WORK ORDER -> Begin at the line with "Aspesi Elastic Waist Casual Pants - Blue" and set down each line exactly until the listing ends. Images stay out.

COLLECTED DATA ->
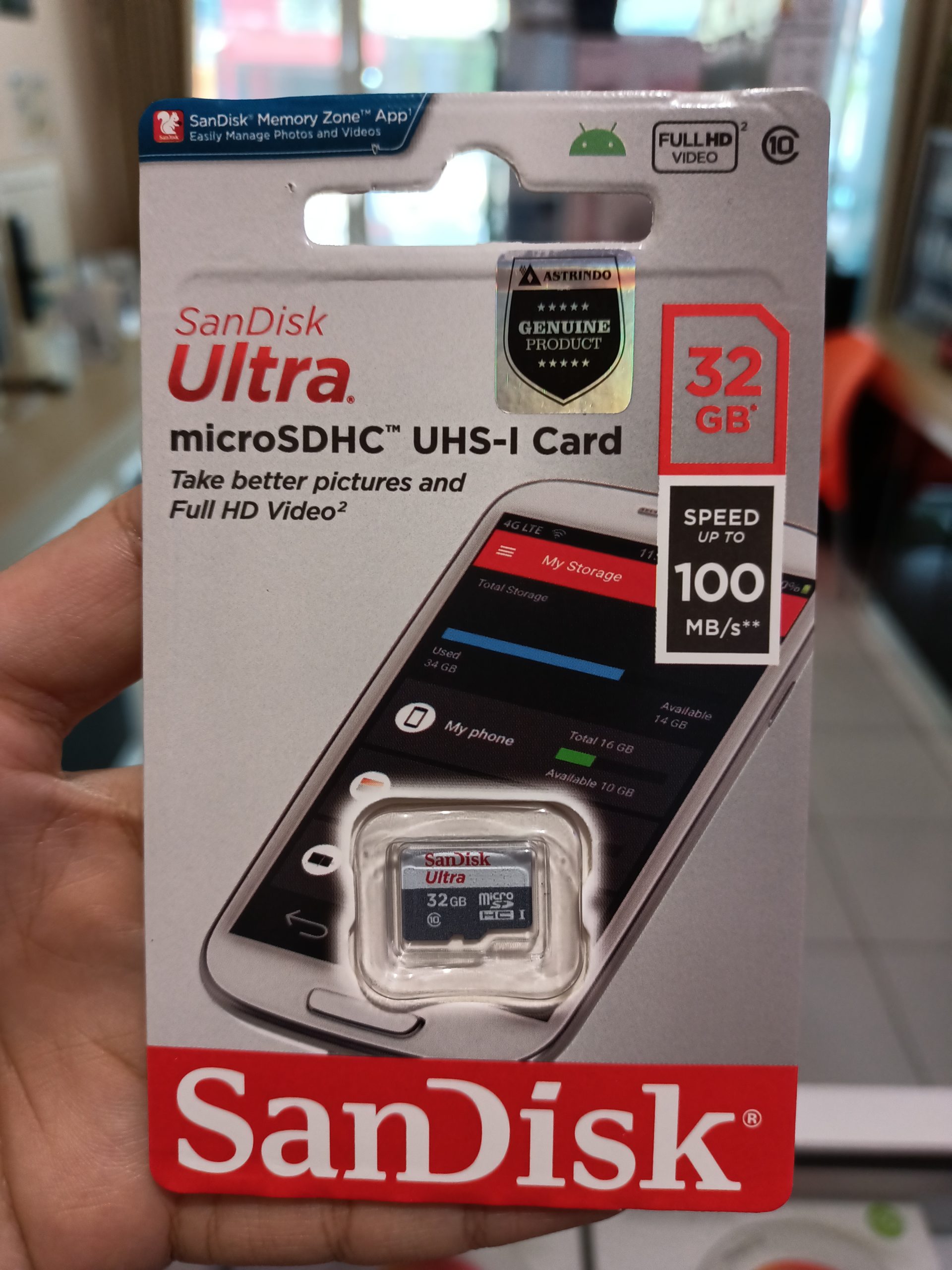 Sandisk Ultra MicroSD Memory 32GB Speed up to 150MB/s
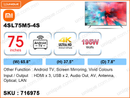 Mi 4S L75M5-4S 75" 4K Andriod LED TV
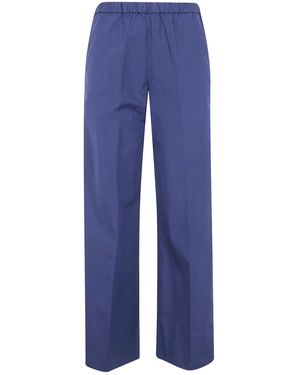 Aspesi Elastic Waist Casual Pants - Blue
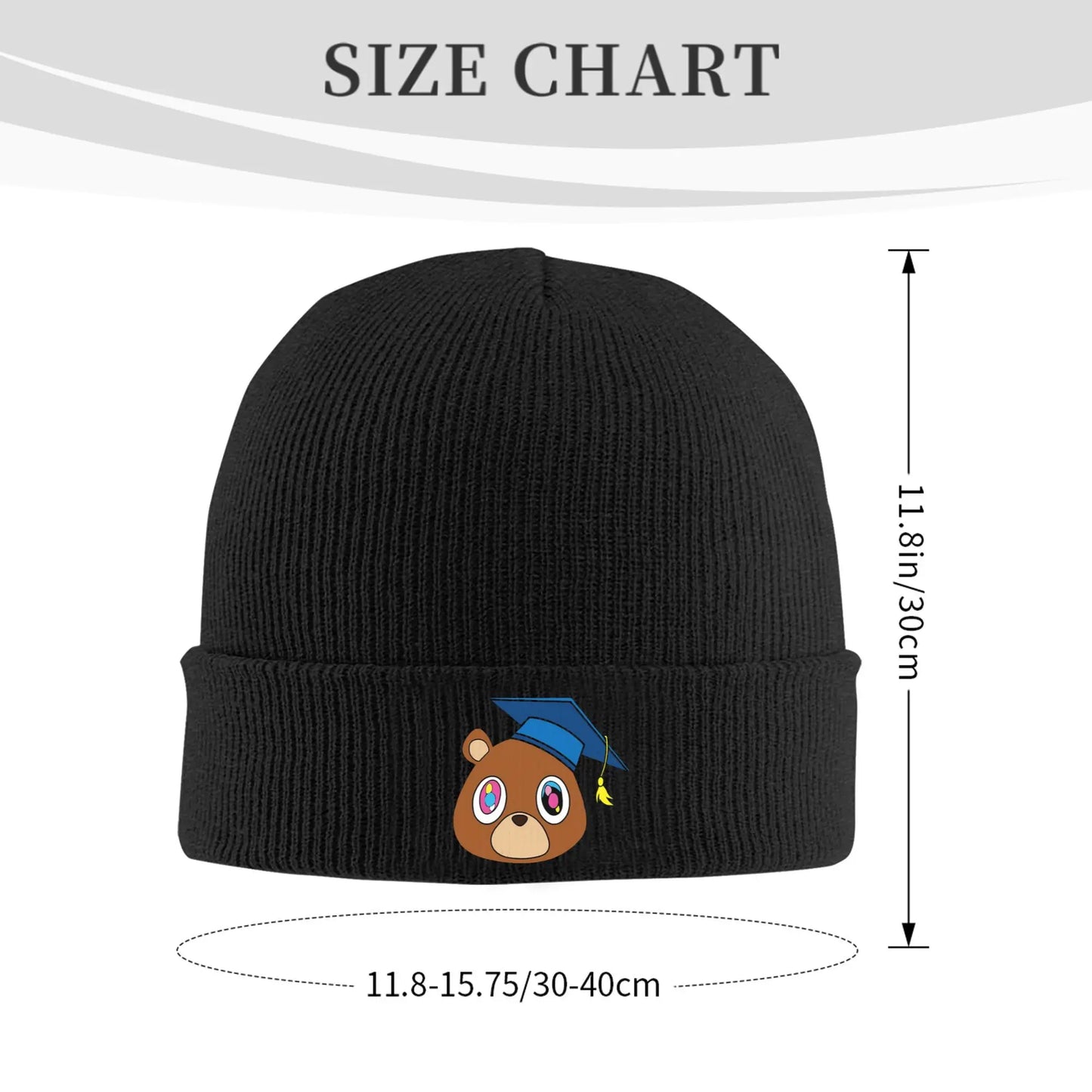 Kanye West Dropout Bear Chicago Vintage Graduation Knitted Hats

REPLY ->
 Aspesi Elastic Waist Casual Pants - Blue
 Kanye West Dropout Bear Chicago Vintage Graduation Knitted Hats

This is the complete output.